Between the end of my work at Stanford and catching the CalTrain to see the House Jacks, I had a couple of hours to hang out. I decided that Palo Alto is a nicer place to chill than Redwood city, and wound up in the Stanford bookstore. I found a comfy chair in a corner of the basement, and read the first couple of chapters of each of several books.
- Martin Gardner’s Did Adam and Eve Have Navels. Fun and light. A series of articles on pseudo-science.
- The Embodied Mind: Cognitive Science and Human Experience by Varela, Thompson, and Rosch. This is a fairly weighty tome that starts with the assumption that the person we are and the first person experience we have is inextricably tied up with our body and the structures and biochemistry of our mind. This leads them to dispense (in the introduction, even) with mind/body dualism, as well as with the classic struggle between man’s “animal” and “rational” natures. There was an early line that went something like: ‘Rationality, rising from the flesh, cannot transcend it.’

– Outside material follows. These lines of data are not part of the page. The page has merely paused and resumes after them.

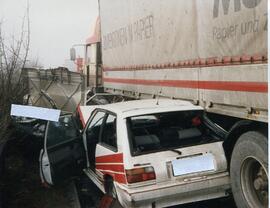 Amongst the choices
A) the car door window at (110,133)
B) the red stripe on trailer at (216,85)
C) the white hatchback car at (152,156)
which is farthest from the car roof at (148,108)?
the red stripe on trailer at (216,85)

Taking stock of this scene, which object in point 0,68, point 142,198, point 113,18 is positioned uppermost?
point 113,18

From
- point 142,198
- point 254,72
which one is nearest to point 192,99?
point 254,72

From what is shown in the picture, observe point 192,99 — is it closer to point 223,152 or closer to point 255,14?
point 223,152

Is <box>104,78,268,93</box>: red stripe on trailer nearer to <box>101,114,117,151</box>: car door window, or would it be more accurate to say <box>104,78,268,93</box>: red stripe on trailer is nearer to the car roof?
the car roof

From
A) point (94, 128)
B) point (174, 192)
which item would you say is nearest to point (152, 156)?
point (174, 192)

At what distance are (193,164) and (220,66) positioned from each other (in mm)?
1337

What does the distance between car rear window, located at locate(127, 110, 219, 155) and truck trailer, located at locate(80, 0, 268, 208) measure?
0.34 metres

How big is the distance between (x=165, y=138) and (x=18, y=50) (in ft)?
11.2

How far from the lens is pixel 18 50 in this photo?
7441 millimetres

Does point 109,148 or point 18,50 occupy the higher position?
point 18,50

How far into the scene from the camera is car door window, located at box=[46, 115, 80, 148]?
20.7 feet

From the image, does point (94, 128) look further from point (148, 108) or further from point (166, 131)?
point (166, 131)

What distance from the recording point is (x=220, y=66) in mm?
5492

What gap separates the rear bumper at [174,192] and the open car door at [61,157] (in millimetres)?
1377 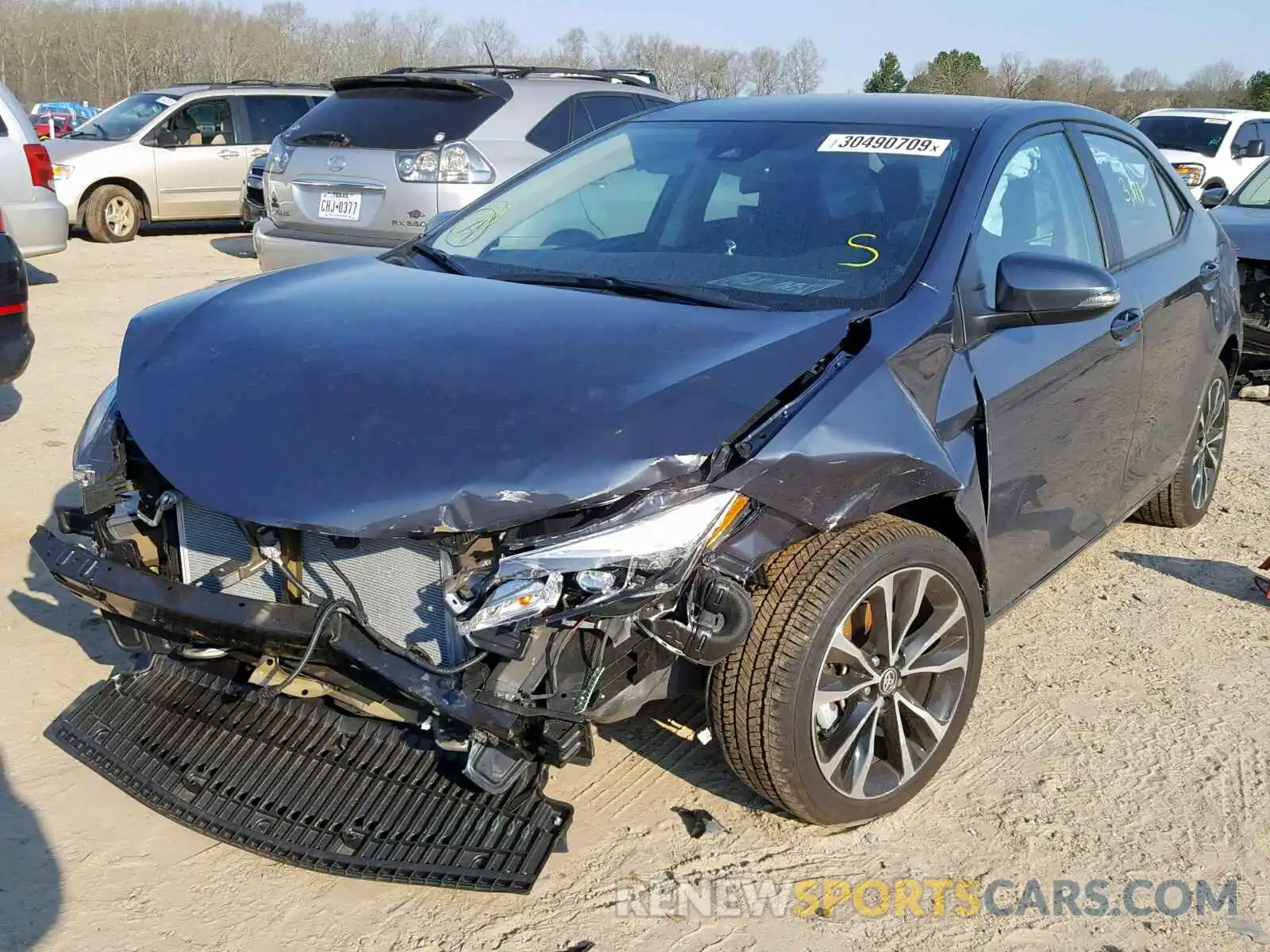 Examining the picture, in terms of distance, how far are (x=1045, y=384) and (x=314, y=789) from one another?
2232 millimetres

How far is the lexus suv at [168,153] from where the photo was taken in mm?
13453

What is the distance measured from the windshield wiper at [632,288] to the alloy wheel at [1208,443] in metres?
2.65

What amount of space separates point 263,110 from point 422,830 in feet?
44.3

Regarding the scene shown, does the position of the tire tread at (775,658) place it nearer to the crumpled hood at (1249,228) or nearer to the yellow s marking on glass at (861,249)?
the yellow s marking on glass at (861,249)

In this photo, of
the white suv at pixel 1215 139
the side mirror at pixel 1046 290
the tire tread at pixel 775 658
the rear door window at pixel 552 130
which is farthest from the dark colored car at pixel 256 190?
the white suv at pixel 1215 139

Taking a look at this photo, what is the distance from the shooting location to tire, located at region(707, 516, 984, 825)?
107 inches

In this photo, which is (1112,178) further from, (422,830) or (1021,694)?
(422,830)

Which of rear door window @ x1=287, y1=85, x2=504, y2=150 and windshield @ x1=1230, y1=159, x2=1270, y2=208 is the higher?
rear door window @ x1=287, y1=85, x2=504, y2=150

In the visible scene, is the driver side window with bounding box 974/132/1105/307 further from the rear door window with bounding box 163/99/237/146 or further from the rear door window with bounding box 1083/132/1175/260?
the rear door window with bounding box 163/99/237/146

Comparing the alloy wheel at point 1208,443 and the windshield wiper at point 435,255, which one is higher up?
the windshield wiper at point 435,255

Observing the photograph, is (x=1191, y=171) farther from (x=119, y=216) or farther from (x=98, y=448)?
(x=98, y=448)

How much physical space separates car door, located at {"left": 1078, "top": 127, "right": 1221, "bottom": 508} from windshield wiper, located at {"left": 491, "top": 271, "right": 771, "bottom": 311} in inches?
61.2

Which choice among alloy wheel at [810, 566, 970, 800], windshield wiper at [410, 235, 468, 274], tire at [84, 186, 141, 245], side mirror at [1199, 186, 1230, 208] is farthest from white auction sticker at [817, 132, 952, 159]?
tire at [84, 186, 141, 245]

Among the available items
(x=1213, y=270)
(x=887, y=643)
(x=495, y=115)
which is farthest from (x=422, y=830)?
(x=495, y=115) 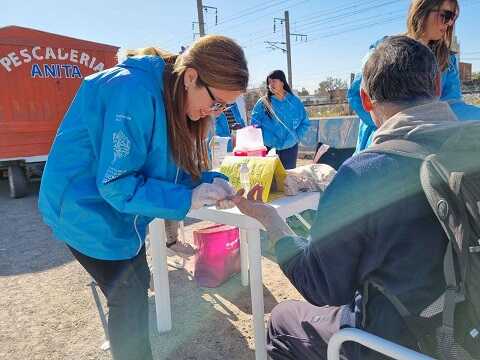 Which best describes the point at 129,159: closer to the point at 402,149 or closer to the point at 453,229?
the point at 402,149

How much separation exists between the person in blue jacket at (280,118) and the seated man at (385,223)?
2934 millimetres

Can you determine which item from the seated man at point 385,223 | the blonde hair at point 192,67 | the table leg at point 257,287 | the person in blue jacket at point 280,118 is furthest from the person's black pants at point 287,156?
the seated man at point 385,223

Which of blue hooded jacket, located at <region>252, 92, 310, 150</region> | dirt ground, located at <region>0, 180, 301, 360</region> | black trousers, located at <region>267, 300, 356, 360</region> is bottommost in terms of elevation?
dirt ground, located at <region>0, 180, 301, 360</region>

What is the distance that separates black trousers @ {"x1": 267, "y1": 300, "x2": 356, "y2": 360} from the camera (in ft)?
4.12

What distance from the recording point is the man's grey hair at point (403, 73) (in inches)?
40.1

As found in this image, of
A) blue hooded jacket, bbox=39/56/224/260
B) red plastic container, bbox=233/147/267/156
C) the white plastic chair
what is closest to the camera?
the white plastic chair

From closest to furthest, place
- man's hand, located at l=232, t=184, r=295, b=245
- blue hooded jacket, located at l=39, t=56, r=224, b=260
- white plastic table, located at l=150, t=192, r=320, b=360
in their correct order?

- Alan Turing: The Enigma by Andrew Hodges. Turing (for the non computer geeks in the audience) was one of the most brilliant mathematician / computer scientists ever to live. He worked on decoding the German “Enigma” machine, proved various things about computation that are still the foundation of theoretical computer science today, pondered whether machines would ever “think,” and eventually killed himself when his homosexuality became widely known. He’s one of the giants of my field, and the biography seems fair and even-handed. I was well underway to making this my purchase of the day, when I found the following couplet (written by Turing to a friend shortly before he killed himself) that depressed me so much that I put the book back:
Turing says that machines think
Turing lies with men
Therefore machines do not think - Fabric of the Cosmos by Brian Greene. I wound up buying this one. I love popular science renditions of subjects that I just don’t understand. This one is about space and time and, basically, everything.
Between every few chapters (since I really wanted to take a nap), I would lean my head back and shut my eyes for a bit. It was one of the most relaxing afternoons I’ve had in a long time.
Now, however, I’m at the Berkeley physics labs, hanging out with amnesiadust. Woot.